Demo video of QWERTY group keyboard (254KB) made with p5.js
Sandra at Idiomdrottning suggested an alternative - keep it visually presented as an inline keyboard, but group the keys together for faster scrolling through. I think this combats the disadvantages of the inline keyboard quite well, but I haven't yet tried making it.
This was a bit of a silly idea, but I wanted to try a completely different category of keyboard. The keys are arranged in a binary tree. You scroll one way to choose one child of the current node, the other way to choose the other and click to type the current node.
Demo video of tree keyboard (158KB) made with p5.js
In the video above I make a mistake after typing the first letter and scroll past "e". This shows the big problem with this keyboard - it's not forgiving of mistakes. When you select the wrong branch you have to scroll all the way off the bottom and start again. For this reason I'm not gonna take this keyboard any further.
A thought just occurred to me though - what if rather than having a binary tree represented on screen, you displayed a QWERTY keyboard. Scrolling narrows down which half of the keyboard you want to select, so first you select the half of the keyboard, then a quarter, then an eighth, etc. I'm not sure how you would signify which half is selected by which scroll direction, but it's an interesting idea.
Now the ideas get even sillier - I haven't even bothered making this one. Imagine a QWERTY layout on screen with a cursor that moves across it over time from left to right.
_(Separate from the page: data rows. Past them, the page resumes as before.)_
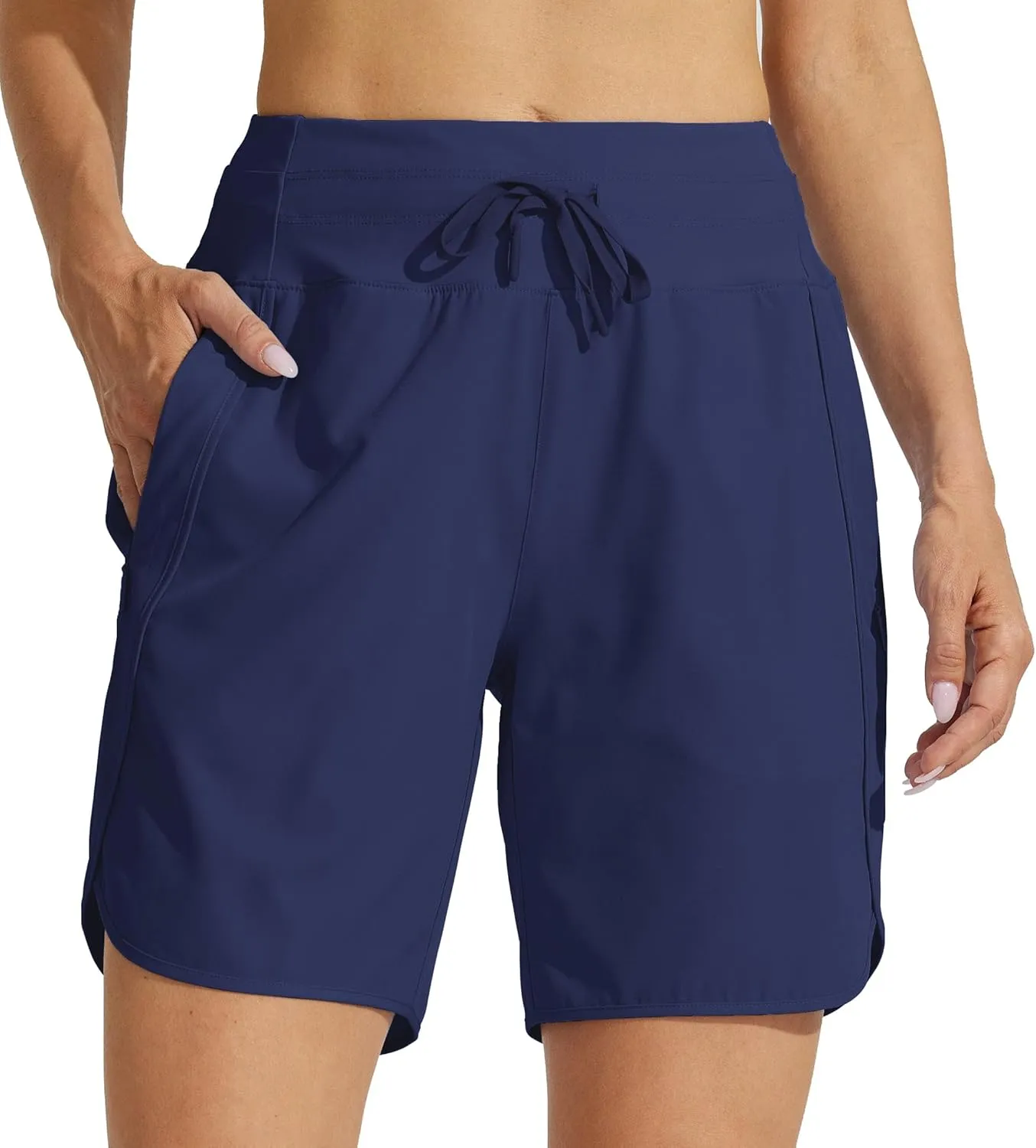 Willit Women's 7" Athletic Running Shorts Long Workout Hiking Shorts Quick Dry High Waisted Active Zipper Pocket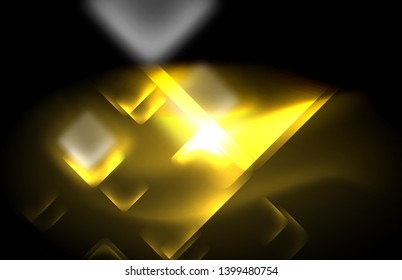 Neon square and line lights on dark background with blurred effects, vector modern design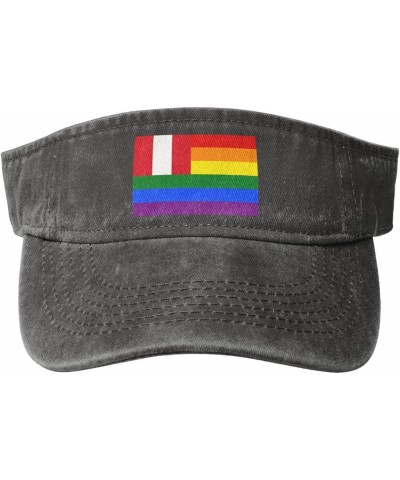 Peru Rainbow Flag Sun Visor Hats for Women Men Adjustable Sports Sun Hats Cotton Golf Cap Deep Heather $10.10 Visors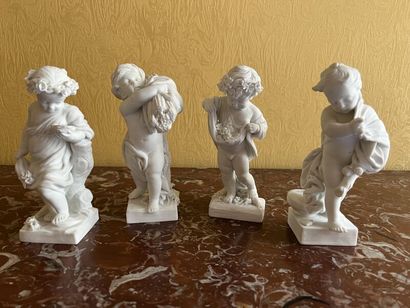 SÈVRES.
Suite of four porcelain bisque statuettes...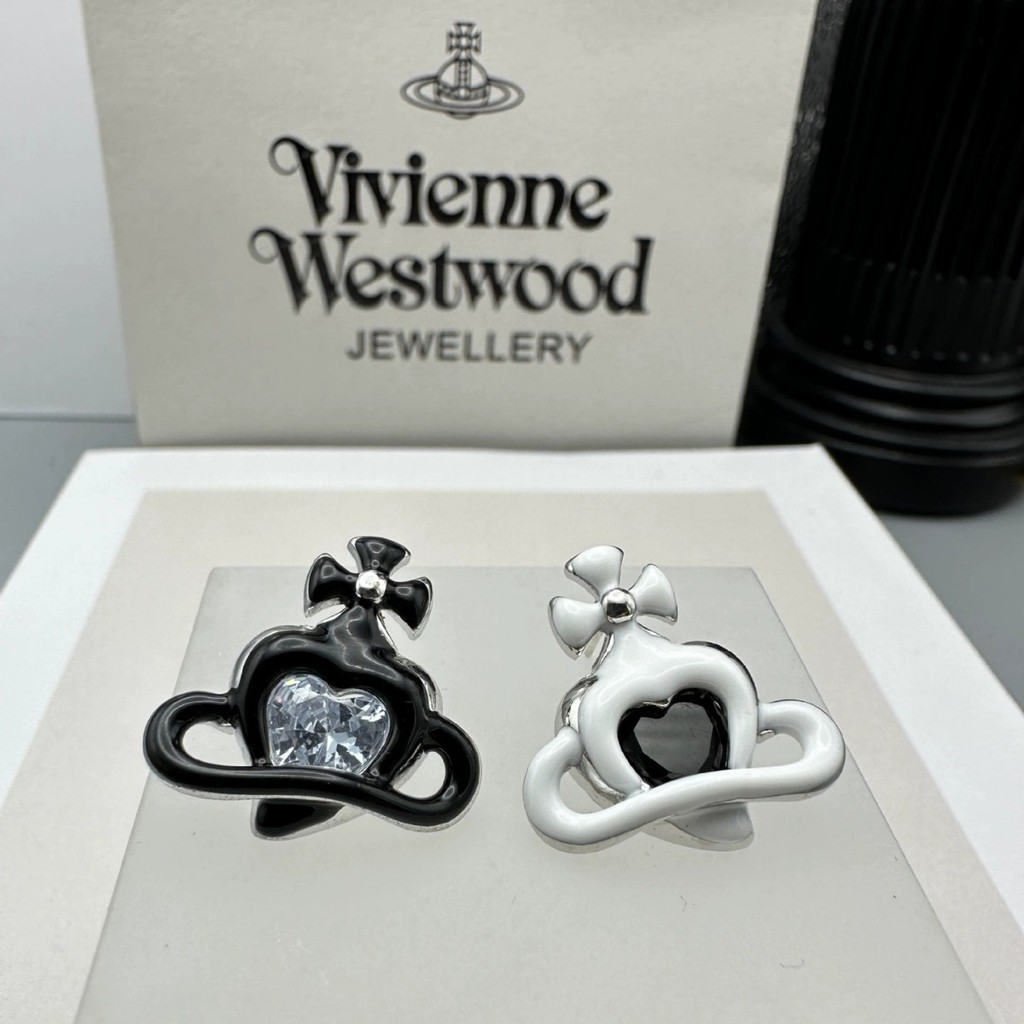Xiempress ใหม ่ สีดําและสีขาวหยดหัวใจฝังต ่ างหูสตั ๊ ดเซอร ์ โคเนียม Niche Design ต ่ างหู Simple Sweet Cool Temperament Wild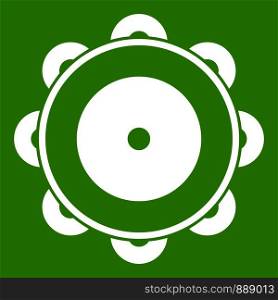 Tambourine icon white isolated on green background. Vector illustration. Tambourine icon green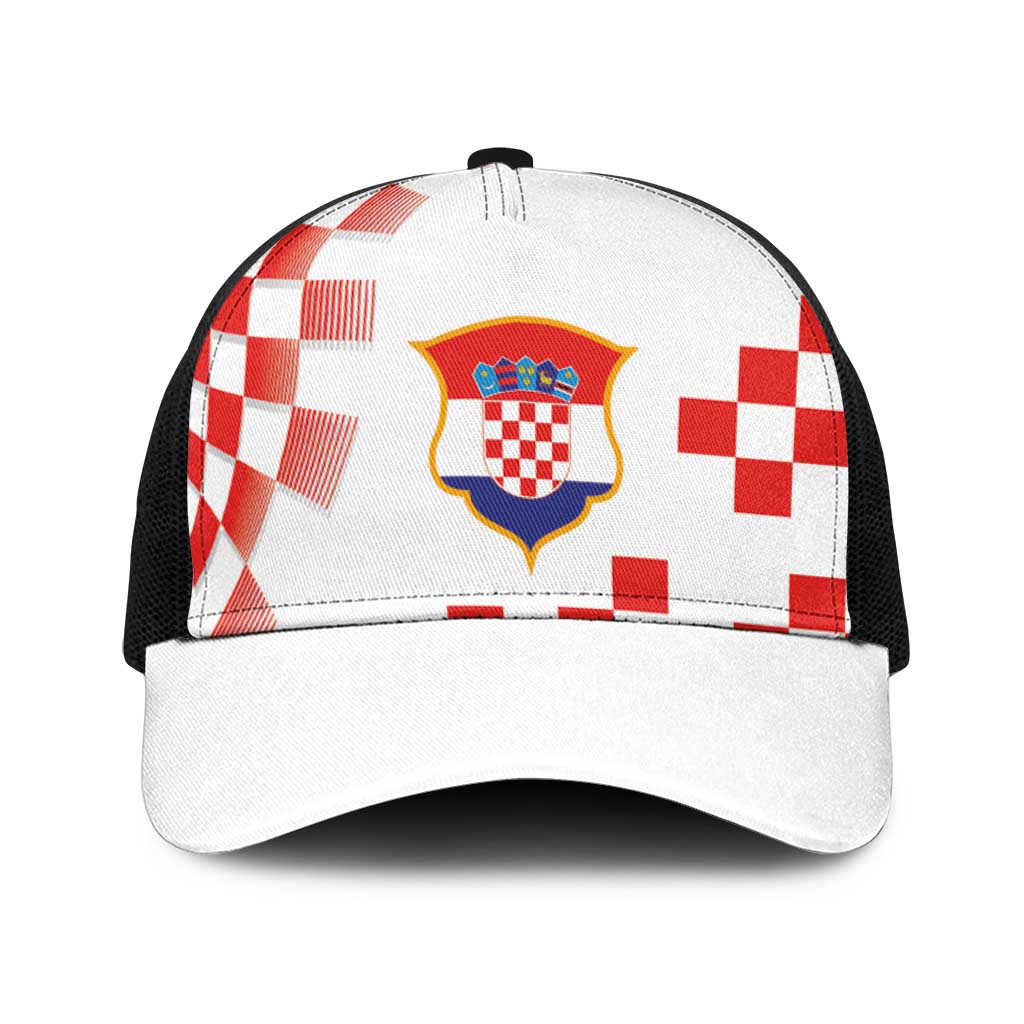 Croatia National Football Baseball Net Cap Dynamic Red Checkerboard Pattern With Heritage National Crest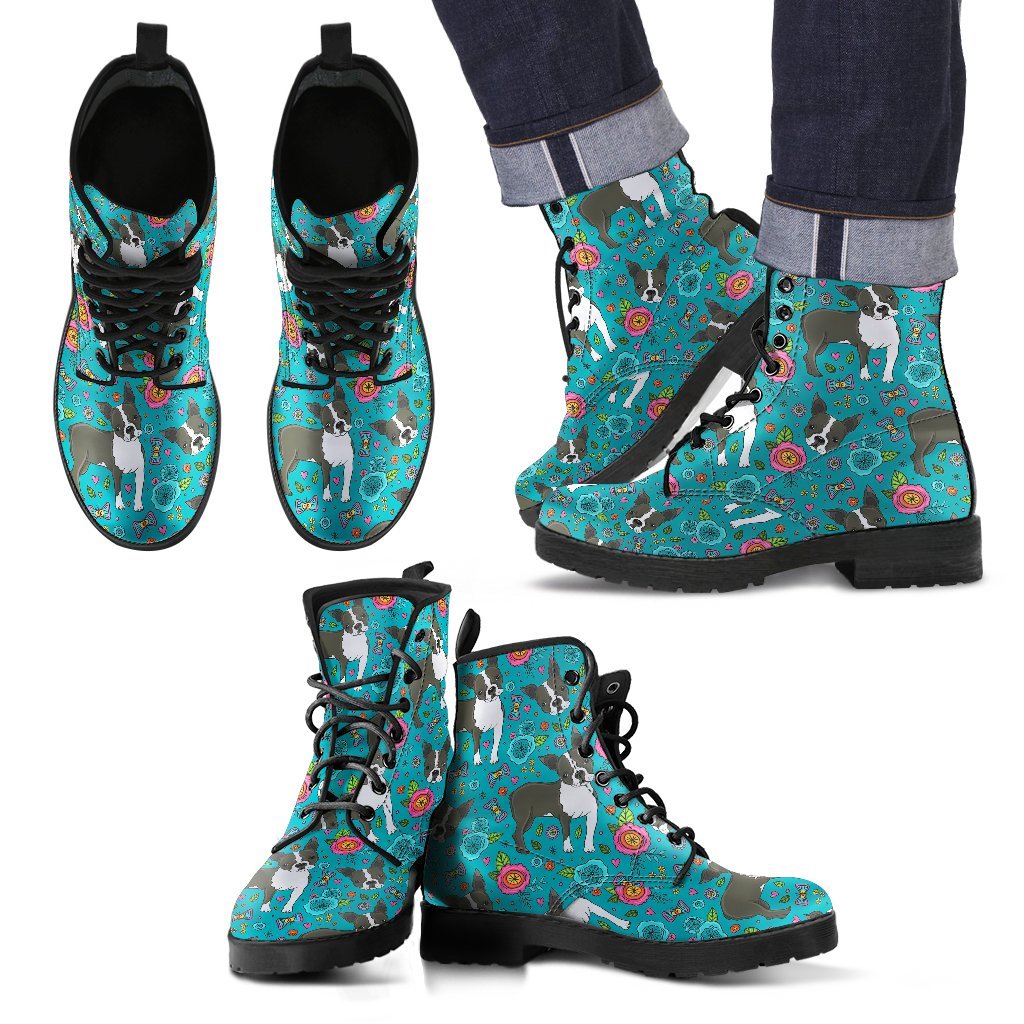 Flower Boston Terrier Pattern Print Men Women Leather Boots-grizzshop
It can be moved up or down a row by scrolling, and you click to type the letter under the cursor.
It would be very unpleasant to type on because if you miss your key you have to wait until the cursor goes all the way round to type the next one. And that includes backspace! So you can't type faster or slower than the designed speed. Horrible!
Of course I'm leaning towards a group keyboard or an inline keyboard, since those are the options that aren't silly. My initial preference is a group keyboard with a full QWERTY layout on screen, since it means the e-paper display will need to update less. I'm concerned that the inline keyboard's scrolling would make the screen muddy quickly and require frequent full refreshes. Then again, an alternative way to present the inline keyboard would be to show a QWERTY layout but only scroll through it in a single list, wrapping at the end of each row.